L’estimation préalable des sollicitations vibratoires représente l’aléa vibratoire, ou « niveau de vibration attendu », à considérer à la base des ouvrages/structures récepteurs. La définition de l’aléa vibratoire considère à la fois les caractéristiques des sites (la stratification, contrastes des rigidités, vitesses des ondes, géologie, etc.) et la typologie des sources. C’est une étape très importante vers la formalisation de l’ingénierie vibratoire en génie civil et l’amélioration des normes liées aux effets des vibrations. L’objectif de cet article est de proposer des indicateurs pertinents et une classification simplifiée de l’aléa vibratoire, pour un site donné (un modèle de stratification de sol donné) et pour une typologie de source (continue ou à impact successifs). Un critère de qualification important concernant la classification des sources vibratoires est la nature impulsionnelle ou continue de la source. En France, les seuils tolérables de vibrations dépendent fortement du critère de continuité (Circulaire du 23 juillet, 1986). Dans le même contexte, dans la littérature, les sources de vibrations discontinues sont associées à des seuils exprimés en vitesse particulaire maximale (PGV). Ceux-ci sont généralement plus élevés que ceux associés aux sources de vibrations continues (TRANSVIB-Symposium international, 2006 ; Vibrofonçage, vibratory pile-driving, 2006). L’objectif de cet article est de présenter une méthodologie permettant d’estimer a priori l’aléa vibratoire, ou « niveau de vibration attendu » pour tout type de source.
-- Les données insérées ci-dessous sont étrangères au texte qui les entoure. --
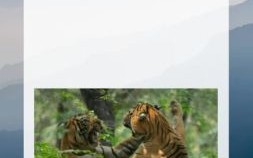 力大无比穿黄衣是什么生肖？力大无比穿黄衣正确答案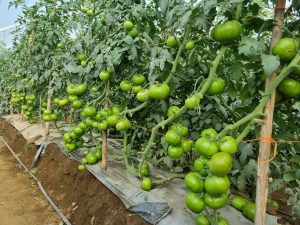 A row of tomato plants in a greenhouse, featuring numerous green, unripe tomatoes clustered along the branches. 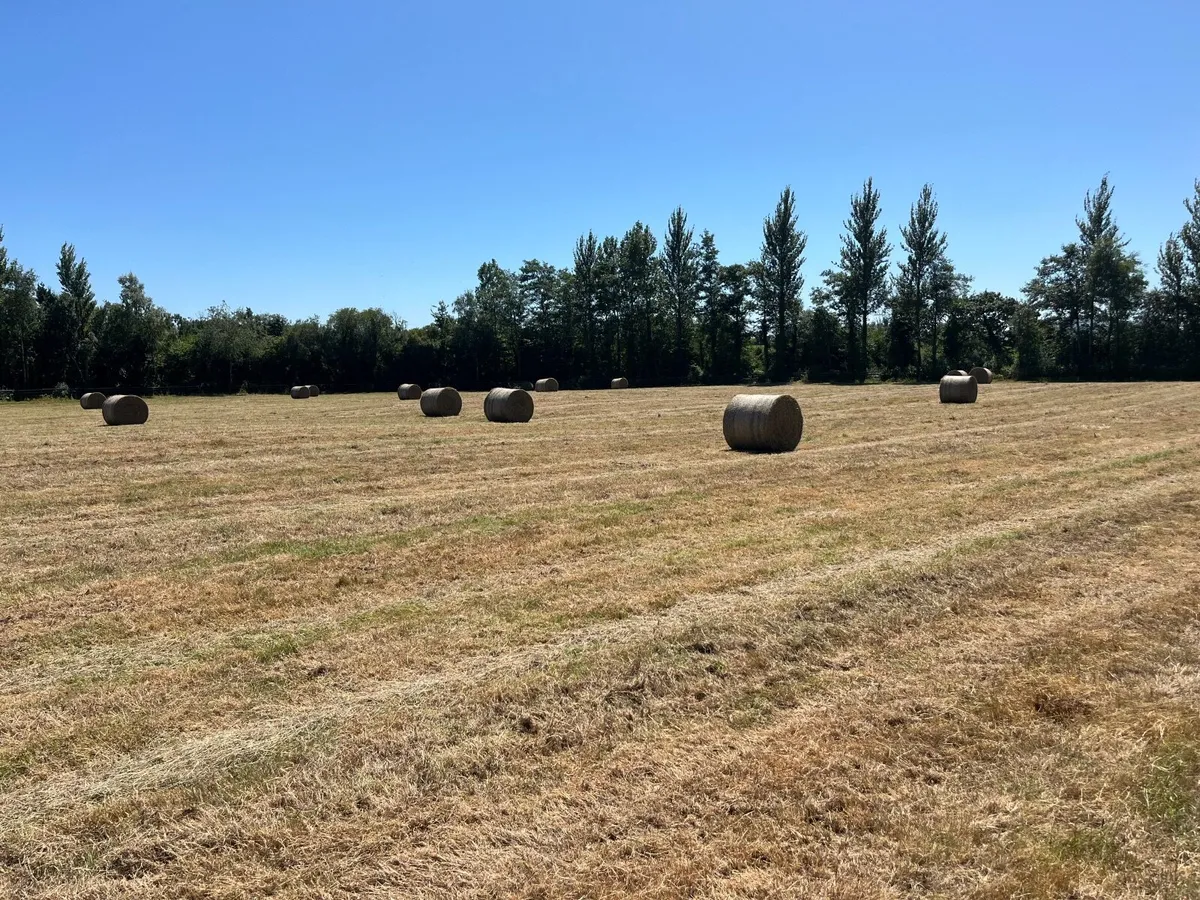 Organic Hay for sale - Image 1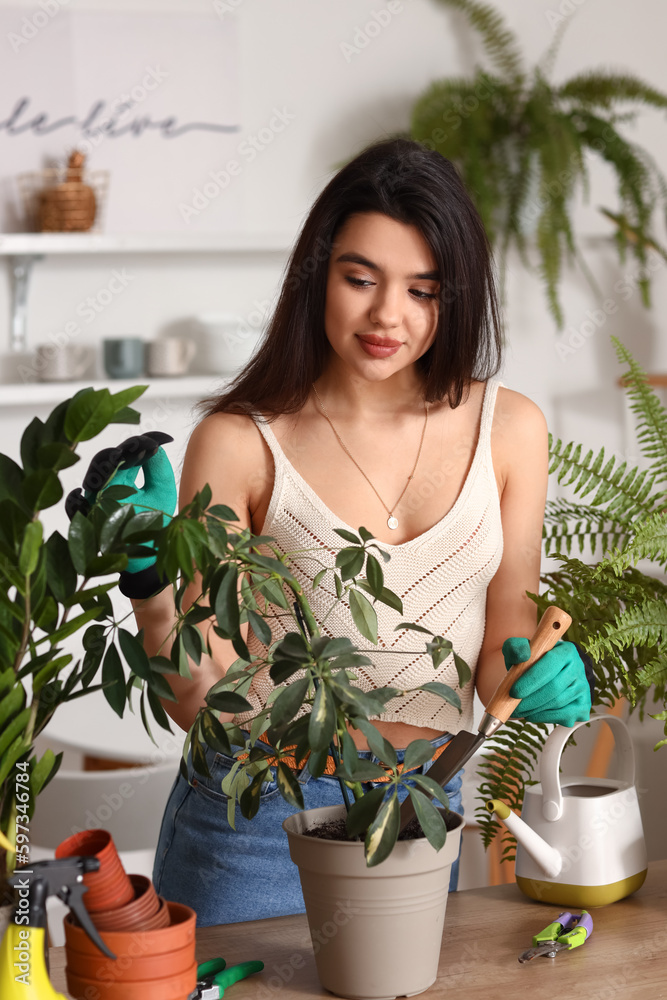 Young woman transplanting green houseplant in kitchen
Cette notion d’aléa est utile pour de futures études d’impact vibratoire sur les structures et ouvrages : en représentant l’effet de la source et de la propagation dans les sols, cette notion devra être combinée avec la réponse dynamique de l’ouvrage et/ou structure pour aboutir à une véritable prédiction d’impact. Les récepteurs peuvent être caractérisés par une réponse en fréquence qui peut aller de quelques Hz (ouvrages hydrauliques, bâtiments de grande hauteur, voies ferrées), à une centaine de Hz (appareils sensibles de haute technologie, parties sensibles du corps humain), en passant par les dizaines de Hz comme pour le cas de bâtiments de hauteur limitée, construction agricoles, etc. (Gordon, 1999 ; Duarte et Filho, 2003 ; Gupta et al., 2008 ; Feldmann et al., 2009 ; Genta, 2012).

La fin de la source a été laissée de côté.